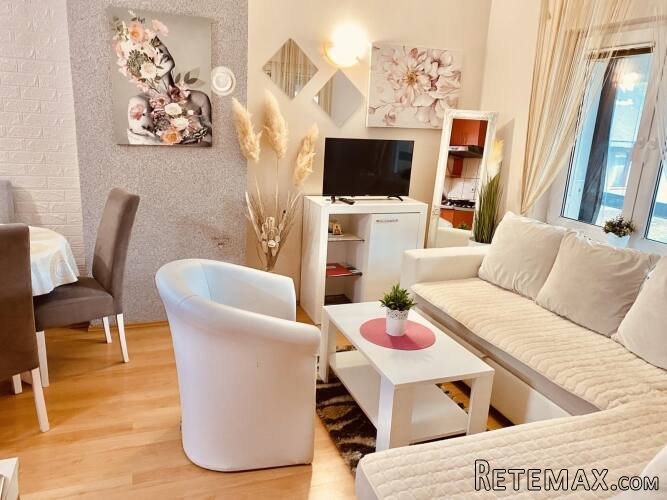 Prodajem apartman na Divcibarama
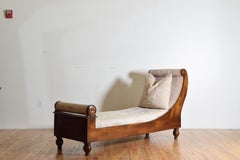 Recamier / Letto da giorno imbottito in legno di noce del periodo Louis Philippe, 2° sec.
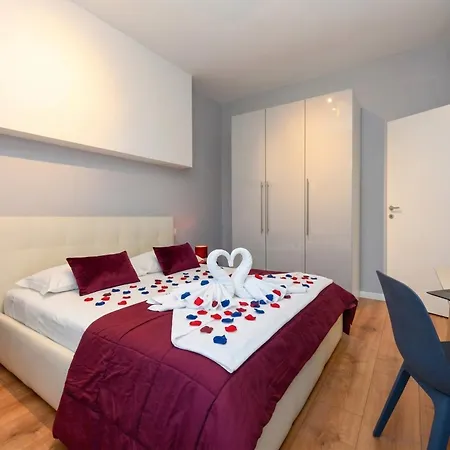 Giovanna House View Desenzanoloft Official Partner Homes & By Marriott Bonvoy Дезенцано-дель-Гарда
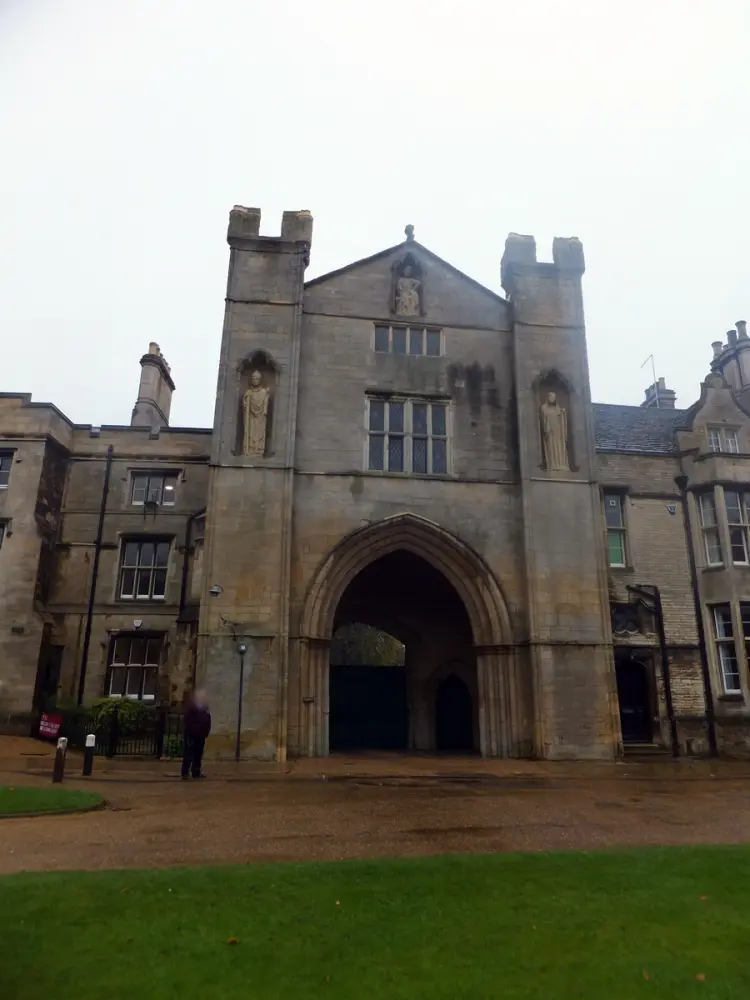 Photo de Porte des évêques - Historic England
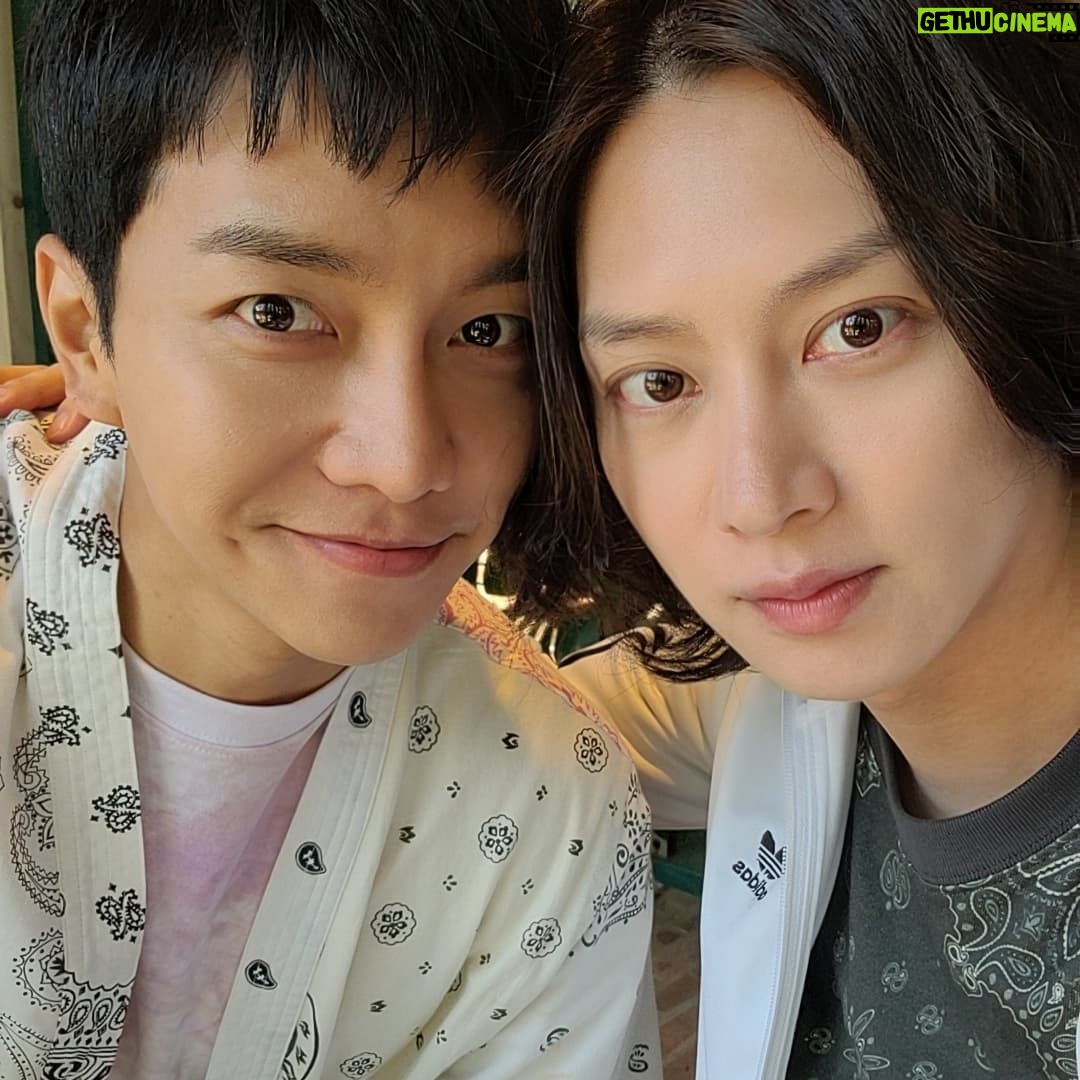 Kim Hee-chul - 520.7K Likes - 🍒🍹🍭🌻
.
.
#신세계로부터 #NETFLIX #넷플릭스
#은지원 #이승기 #박나래 #조보아 #카이 #나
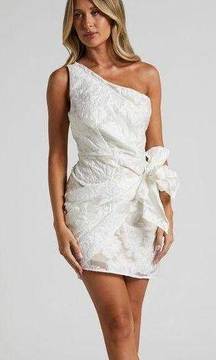 NEW  Kailey Mini Dress One Shoulder Wrap White & Beige Jacquard Size 12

• _Your assignment_: Nothing should appear in the reply except the lines from the start of the listing above through the line with "Photo de Porte", repeated exactly and free of pictures.

• _Reply_:
 Prodajem apartman na Divcibarama
 Recamier / Letto da giorno imbottito in legno di noce del periodo Louis Philippe, 2° sec.
 Giovanna House View Desenzanoloft Official Partner Homes & By Marriott Bonvoy Дезенцано-дель-Гарда
 Photo de Porte des évêques - Historic England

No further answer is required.